▶ [THE PROBLEM] Write out the lines below once more, exactly as they appear. Do not include pictures.

▶ [INFORMATION SHOWN]
---------------
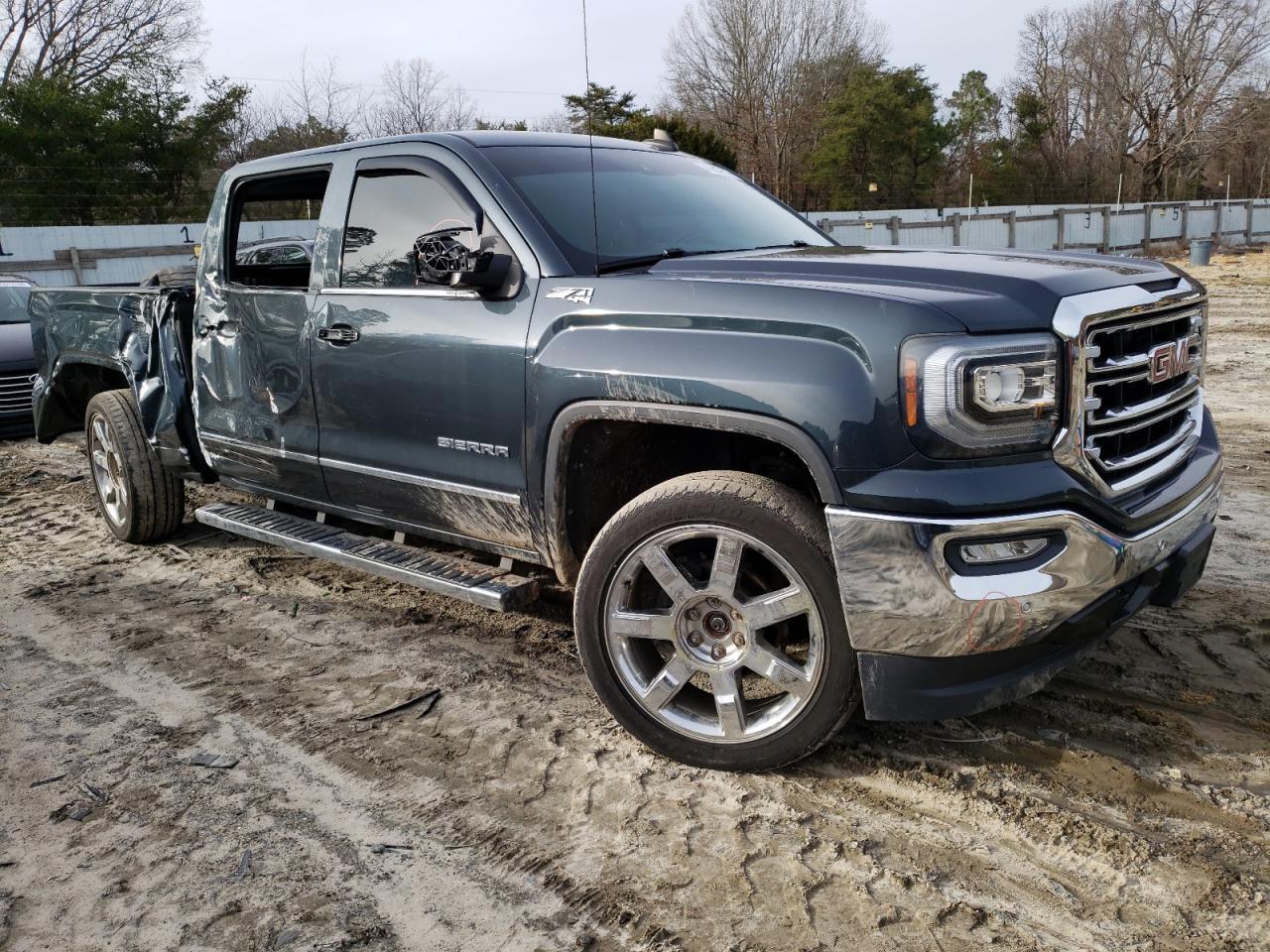 2018 GMC SIERRA K15 - Фото 4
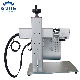  Mini 30W Fiber Laser Marking Machine with Cyclops for Engraving Metal Parts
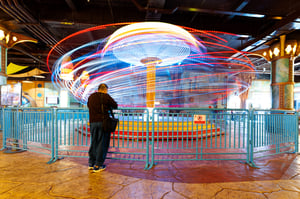 Merry-go-round Light: Đu quay ánh sáng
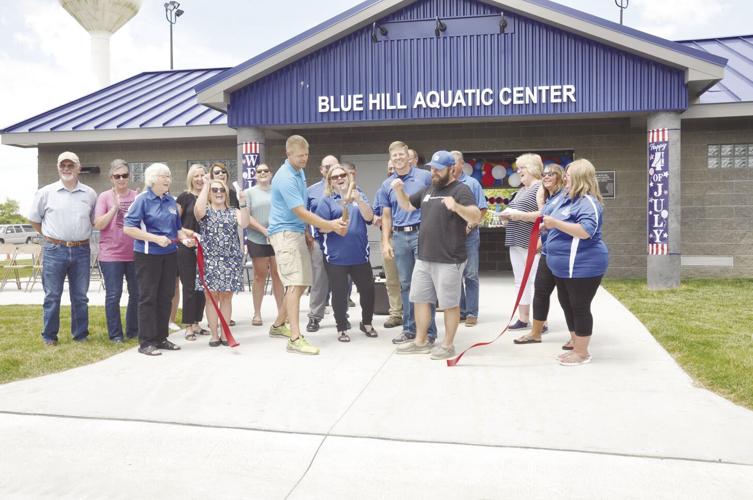 Blue Hill making a splash with dual celebration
---------------
▶ [THE COMPLETED TASK]
 2018 GMC SIERRA K15 - Фото 4
  Mini 30W Fiber Laser Marking Machine with Cyclops for Engraving Metal Parts
 Merry-go-round Light: Đu quay ánh sáng
 Blue Hill making a splash with dual celebration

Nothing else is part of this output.